Meet Bethel: the first operating system with versioning and complete metadata, including intelligent linking between files.

For example, when you make a jpg from an illustrator file, Bethel knows that these files were once linked and maintains this link into the future, even if a file is moved.

When saving, Bethel invites you to enter useful information alongside the file name - a project number, perhaps a short description. You don’t need to do this in some parallel system of a wiki or a content tracking spreadsheet - it should be intrinsic to the file storage system. Lots of metadata fields are available, Bethel offers the ones you most commonly use - and gives the option to require documentation if you decide to be rigorous.

And then all the links and metadata are indexed and viewable by others. So you can search for a file made for a particular project, no matter who created it, and pull out a previous version from the integrated smart versioning.

Bethel also considers workflow essential to the creation and storage of files: if you do analysis or GIS, and create a final document, it probably contained data from other files or sources. And if you change a file early in the process, the subsequent files need to know about it. So in Bethel, just click on a file to see how it fitted into the process, and see its parents and children.

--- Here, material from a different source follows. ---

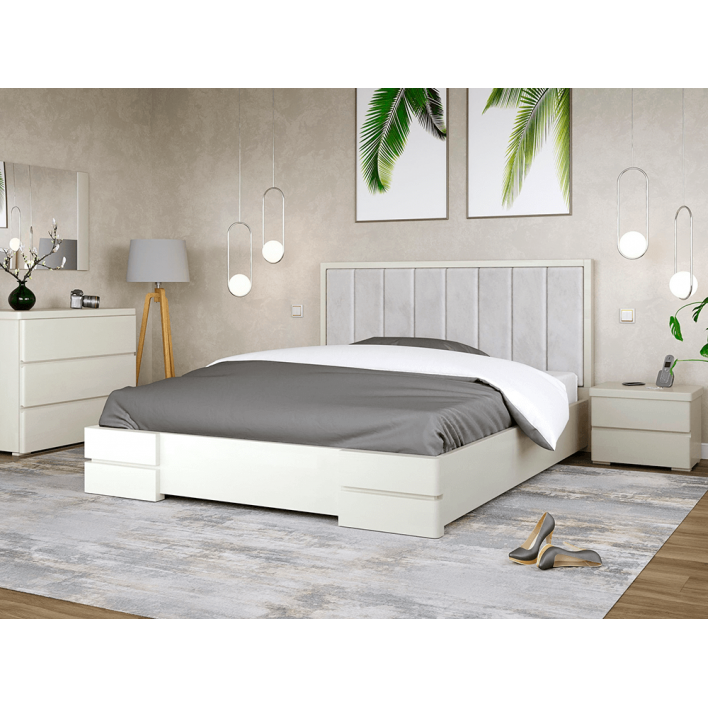 Купити Ліжко Мілана 160х200 Сосна - Білий - ARBOR в Ізмаїлі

Returning to a project after a couple of months? Grab a file and switch to wiki-view, where comments are displayed seamlessly alongside file info - creating documentation from files on the fly, with details of who did what when, and enough pointers from them to describe why. See what else you did that morning, searching right inside the document.

Bethel. Because you’re sick of copying and pasting file paths into half-maintained documentation. Because you have a bad memory. Because files are not isolated but belong in a rich workflow. Because other operating systems fail on collecting all the metadata we leave behind.